▶ [TASK GOAL] Every line from the beginning of the data through the line containing "Abbildung von papasbox" should be reproduced exactly, and no further lines should be output.

Short text fragments from websites

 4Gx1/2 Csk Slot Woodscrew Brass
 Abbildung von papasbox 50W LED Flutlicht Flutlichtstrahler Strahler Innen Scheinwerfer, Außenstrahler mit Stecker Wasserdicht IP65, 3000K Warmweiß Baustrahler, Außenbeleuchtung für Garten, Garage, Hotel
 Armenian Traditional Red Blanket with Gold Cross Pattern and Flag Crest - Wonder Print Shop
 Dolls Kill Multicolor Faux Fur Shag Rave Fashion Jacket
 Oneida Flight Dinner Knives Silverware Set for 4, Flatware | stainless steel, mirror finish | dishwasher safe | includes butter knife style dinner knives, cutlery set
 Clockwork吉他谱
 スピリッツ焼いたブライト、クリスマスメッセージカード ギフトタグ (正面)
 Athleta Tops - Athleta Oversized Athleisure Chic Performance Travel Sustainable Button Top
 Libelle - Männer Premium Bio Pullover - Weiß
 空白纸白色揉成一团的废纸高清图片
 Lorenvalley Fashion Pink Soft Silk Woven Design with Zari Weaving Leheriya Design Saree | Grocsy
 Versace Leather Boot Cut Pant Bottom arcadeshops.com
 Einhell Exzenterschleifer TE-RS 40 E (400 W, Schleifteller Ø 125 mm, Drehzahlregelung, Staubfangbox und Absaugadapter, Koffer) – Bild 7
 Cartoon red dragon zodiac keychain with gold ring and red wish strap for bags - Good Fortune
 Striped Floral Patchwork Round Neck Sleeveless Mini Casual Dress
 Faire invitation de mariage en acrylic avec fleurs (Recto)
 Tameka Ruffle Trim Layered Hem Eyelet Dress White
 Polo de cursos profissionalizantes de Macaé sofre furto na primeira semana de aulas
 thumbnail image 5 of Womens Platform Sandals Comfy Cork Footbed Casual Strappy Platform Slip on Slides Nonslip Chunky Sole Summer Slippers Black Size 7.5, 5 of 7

▶ [EXERCISE ANSWER]
 4Gx1/2 Csk Slot Woodscrew Brass
 Abbildung von papasbox 50W LED Flutlicht Flutlichtstrahler Strahler Innen Scheinwerfer, Außenstrahler mit Stecker Wasserdicht IP65, 3000K Warmweiß Baustrahler, Außenbeleuchtung für Garten, Garage, Hotel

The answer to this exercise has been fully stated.